> [WHAT THE TASK REQUIRES]:
Please produce a character-exact copy of the listing that follows, omitting all images.

> [GIVEN INFORMATION]:
━━━━━━
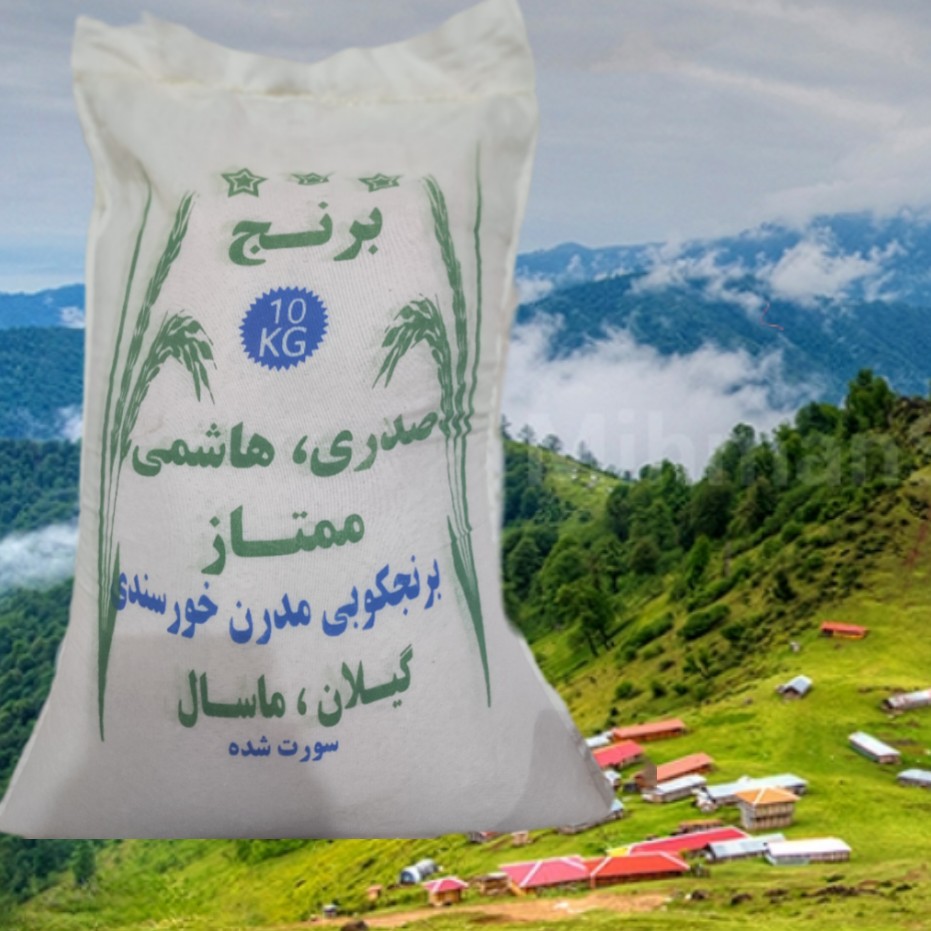 برنج هاشمی معطر ماسال مستقیم از کارخانه (5 کیلویی)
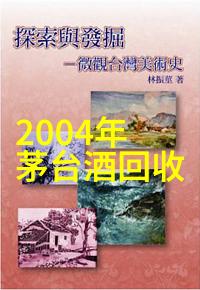 知识问答系统下载智能终端知识获取解决方案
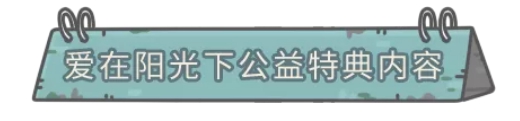 最强蜗牛抽奖嘉年华什么时候上线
━━━━━━
> [TASK RESULT]:
 برنج هاشمی معطر ماسال مستقیم از کارخانه (5 کیلویی)
 知识问答系统下载智能终端知识获取解决方案
 最强蜗牛抽奖嘉年华什么时候上线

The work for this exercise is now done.